PORTUGAL – Yesterday’s shock resignation of Portuguese prime minister, Antonio Guterres, after local elections swept his Socialist party from power in the country’s main cities and towns, has left the fate of proposed new pensions laws up in the air.

One of the main points of the new law, which was due to be published shortly, was that people joining the Portuguese social security system were set to move to a pension benefit system based on a career average.
Currently, pension payments in Portugal are based on the last ten years of employment.
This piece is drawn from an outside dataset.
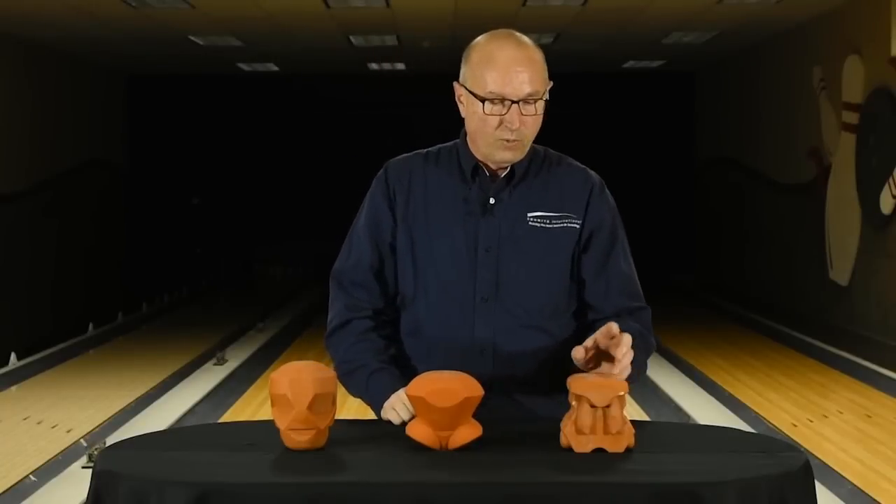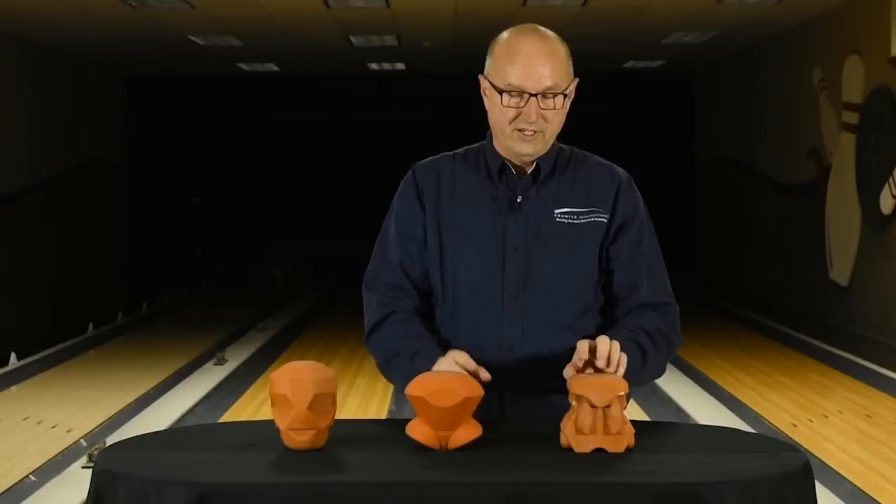First we'll talk about the Gauntlet. What you'll notice about the similarities between these two is the fact that the Gauntlet core has these protrusions from the bottom that you see in the Gas Mass core. It basically funnels itself out from the middle going outward to the top, same as you see in the Gas Mass core. The difference is you don't see as much flaring at the top.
Bernie Thomas, a senior consultant with Watson Wyatt in Lisbon, comments: “The law was due to be published therefore we don’t know if it will come into effect or not. There’s going to be elections and a new government in February/March and we don’t know what the new government will do. Are they going to review everything or will they pass the law as it is?
“It really is up in the air.”

Thomas says the new law would have implied some significant reductions for new people joining the social security system, but adds that there would have been a 20-25 year transition period where not a lot would have happened while people still received the benefits of the old system.
“In terms of this law affecting anyone, you would have been looking at people who would be thirty to thirty five years old now, “ he adds.

Thomas also says there were reservations in Portugal on what the impact of the proposed reform would have been: “We know that it wasn’t going to solve the financial problems of the system and in fact there were some minor benefits involved in the changes for some people, so that clearly wasn’t going to improve the financial situation. We were expecting the whole thing to be reviewed in the short term anyway.”